The Tin Man didn’t flinch, just stared through his face shield.

And, because it was just Maines here, Jim Doe knew McKirkle was coming around the back way, through the galvanized struts and cross braces of the water tower.

He looked back, checked the tornado but it was all around now, was too big to even see all at once anymore, was so big it seemed to be rotating in slow motion. A brown and white swirling wall of pain.

Caught up in it now was what Jim Doe initially thought was the helicopter, but turned out to be an oxidized box car, tumbling through the sky. Growing larger and larger now.

It came down for them all, slammed down between Maines and the Tin Man, knocking Maines and Jim Doe back just from the force of its landing, which buried it two feet in the ground.

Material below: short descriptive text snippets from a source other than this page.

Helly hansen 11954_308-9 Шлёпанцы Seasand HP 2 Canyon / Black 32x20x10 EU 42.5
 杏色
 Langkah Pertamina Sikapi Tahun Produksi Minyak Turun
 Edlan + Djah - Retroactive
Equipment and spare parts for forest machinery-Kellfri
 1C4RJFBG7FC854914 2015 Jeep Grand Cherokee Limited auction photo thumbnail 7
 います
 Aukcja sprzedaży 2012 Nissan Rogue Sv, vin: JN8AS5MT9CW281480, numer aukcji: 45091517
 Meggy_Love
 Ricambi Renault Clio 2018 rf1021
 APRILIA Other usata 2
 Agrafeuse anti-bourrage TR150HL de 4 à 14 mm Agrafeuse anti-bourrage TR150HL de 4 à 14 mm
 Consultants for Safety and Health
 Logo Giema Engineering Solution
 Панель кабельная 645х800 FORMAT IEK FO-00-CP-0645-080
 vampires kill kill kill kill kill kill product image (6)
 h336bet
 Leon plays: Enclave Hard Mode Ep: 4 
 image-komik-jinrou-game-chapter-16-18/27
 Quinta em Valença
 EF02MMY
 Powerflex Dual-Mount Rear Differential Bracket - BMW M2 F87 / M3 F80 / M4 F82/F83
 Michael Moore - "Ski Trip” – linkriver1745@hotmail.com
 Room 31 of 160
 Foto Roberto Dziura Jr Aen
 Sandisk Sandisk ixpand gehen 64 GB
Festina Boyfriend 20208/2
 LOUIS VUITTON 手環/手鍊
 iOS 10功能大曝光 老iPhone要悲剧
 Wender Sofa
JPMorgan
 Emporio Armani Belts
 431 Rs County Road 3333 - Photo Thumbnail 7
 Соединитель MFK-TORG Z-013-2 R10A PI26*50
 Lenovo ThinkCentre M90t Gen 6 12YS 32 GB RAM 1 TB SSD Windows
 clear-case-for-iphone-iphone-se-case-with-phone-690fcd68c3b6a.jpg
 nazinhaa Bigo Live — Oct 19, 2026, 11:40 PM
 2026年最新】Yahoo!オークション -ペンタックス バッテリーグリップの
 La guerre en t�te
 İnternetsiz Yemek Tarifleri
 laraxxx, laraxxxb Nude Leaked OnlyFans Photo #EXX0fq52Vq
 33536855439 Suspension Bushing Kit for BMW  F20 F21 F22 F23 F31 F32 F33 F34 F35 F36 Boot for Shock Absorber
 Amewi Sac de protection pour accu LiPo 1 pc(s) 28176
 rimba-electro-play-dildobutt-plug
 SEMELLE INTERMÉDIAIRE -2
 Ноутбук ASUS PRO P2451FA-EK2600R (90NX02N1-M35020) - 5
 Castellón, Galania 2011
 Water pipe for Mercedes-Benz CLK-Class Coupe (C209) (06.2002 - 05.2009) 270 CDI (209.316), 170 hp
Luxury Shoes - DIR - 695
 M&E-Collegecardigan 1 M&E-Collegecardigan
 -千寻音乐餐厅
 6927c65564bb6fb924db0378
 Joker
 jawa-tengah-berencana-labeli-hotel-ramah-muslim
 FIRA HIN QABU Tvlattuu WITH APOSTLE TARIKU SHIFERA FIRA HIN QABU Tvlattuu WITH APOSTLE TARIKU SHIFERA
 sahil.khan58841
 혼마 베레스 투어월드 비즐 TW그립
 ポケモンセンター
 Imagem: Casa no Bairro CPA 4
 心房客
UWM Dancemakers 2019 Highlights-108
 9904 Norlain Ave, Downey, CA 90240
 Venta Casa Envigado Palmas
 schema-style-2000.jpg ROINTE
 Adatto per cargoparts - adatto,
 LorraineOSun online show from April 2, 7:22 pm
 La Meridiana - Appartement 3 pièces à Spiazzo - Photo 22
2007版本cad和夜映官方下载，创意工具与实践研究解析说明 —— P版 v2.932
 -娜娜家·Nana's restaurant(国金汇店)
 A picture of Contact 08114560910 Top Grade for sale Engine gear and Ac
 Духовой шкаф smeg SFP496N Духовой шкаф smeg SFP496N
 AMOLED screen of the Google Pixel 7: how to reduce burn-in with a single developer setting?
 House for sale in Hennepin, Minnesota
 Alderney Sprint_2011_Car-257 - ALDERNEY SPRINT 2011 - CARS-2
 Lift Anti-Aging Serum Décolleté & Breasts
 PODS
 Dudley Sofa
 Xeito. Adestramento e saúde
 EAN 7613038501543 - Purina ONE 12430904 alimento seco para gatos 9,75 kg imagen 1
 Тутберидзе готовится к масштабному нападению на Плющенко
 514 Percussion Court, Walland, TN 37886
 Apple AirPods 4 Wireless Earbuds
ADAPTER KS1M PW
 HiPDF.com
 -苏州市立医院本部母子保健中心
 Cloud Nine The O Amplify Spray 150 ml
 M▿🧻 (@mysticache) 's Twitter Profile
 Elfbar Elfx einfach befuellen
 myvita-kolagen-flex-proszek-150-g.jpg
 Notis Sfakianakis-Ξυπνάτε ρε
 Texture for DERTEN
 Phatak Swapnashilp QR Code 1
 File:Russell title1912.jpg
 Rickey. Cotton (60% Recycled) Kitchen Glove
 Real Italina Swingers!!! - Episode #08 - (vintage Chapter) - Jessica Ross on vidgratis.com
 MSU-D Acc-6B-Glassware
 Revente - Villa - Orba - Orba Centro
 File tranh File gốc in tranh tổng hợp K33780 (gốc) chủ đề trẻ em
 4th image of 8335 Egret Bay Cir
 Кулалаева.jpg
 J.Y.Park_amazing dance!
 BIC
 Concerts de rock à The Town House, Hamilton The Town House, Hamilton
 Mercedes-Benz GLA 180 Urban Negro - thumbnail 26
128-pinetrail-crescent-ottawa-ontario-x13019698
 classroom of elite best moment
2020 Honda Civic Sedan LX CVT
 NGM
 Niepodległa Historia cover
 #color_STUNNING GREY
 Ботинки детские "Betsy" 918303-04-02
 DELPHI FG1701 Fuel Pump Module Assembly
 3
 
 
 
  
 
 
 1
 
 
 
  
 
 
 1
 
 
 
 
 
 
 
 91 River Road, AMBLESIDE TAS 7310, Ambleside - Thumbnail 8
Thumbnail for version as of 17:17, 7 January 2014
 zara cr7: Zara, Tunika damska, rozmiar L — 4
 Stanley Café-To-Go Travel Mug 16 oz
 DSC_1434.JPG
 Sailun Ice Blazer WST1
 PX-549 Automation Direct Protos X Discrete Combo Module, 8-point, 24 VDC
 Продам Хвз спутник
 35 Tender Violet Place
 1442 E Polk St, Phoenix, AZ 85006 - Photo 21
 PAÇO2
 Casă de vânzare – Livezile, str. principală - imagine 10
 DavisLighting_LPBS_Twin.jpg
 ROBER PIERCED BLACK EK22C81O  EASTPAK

Jim Doe couldn’t tell if the Tin Man had been caught under it or not, but then the yellow jacket came streaking around the front of the box car—it had landed like it had sat in real life, its doors ripped away—and the Tin Man did the one thing Jim Doe would never have guessed, at this point in the game: threw the child into the box car then kept running, McKirkle finally cresting the mound of blacktop behind him, his pistol going off, no sound from it, just stabs of flame.

Hi shots found the Tin Man, blew his chest out before him, and now Maines was firing too, spinning the Tin Man around by the shoulder, the Tin Man’s fire helmet slinging off so that Jim Doe could see he had that same Tin Man mask not just on, but duct-taped on to hide him forever, making the whole top of his head look tin. As he fell, and his arms opened out to the side, a roll of paper or white tape or cloth unrolled from his hand—what he’d meant to tie the kid up with, maybe—and then the F5 was there like the finger of God, pointing down, and that wall of wind was lifting him before he could hit the ground, taking him up into the sky to bury him once and for all, and the last thing Jim Doe remembered before the world died was diving for the safety of the box car, rolling into it with the bundled-up child the Tin Man had left there and coming up in the back corner of the car, making one ruby slipper wish, the most important one, and then closing his eyes to make it come true.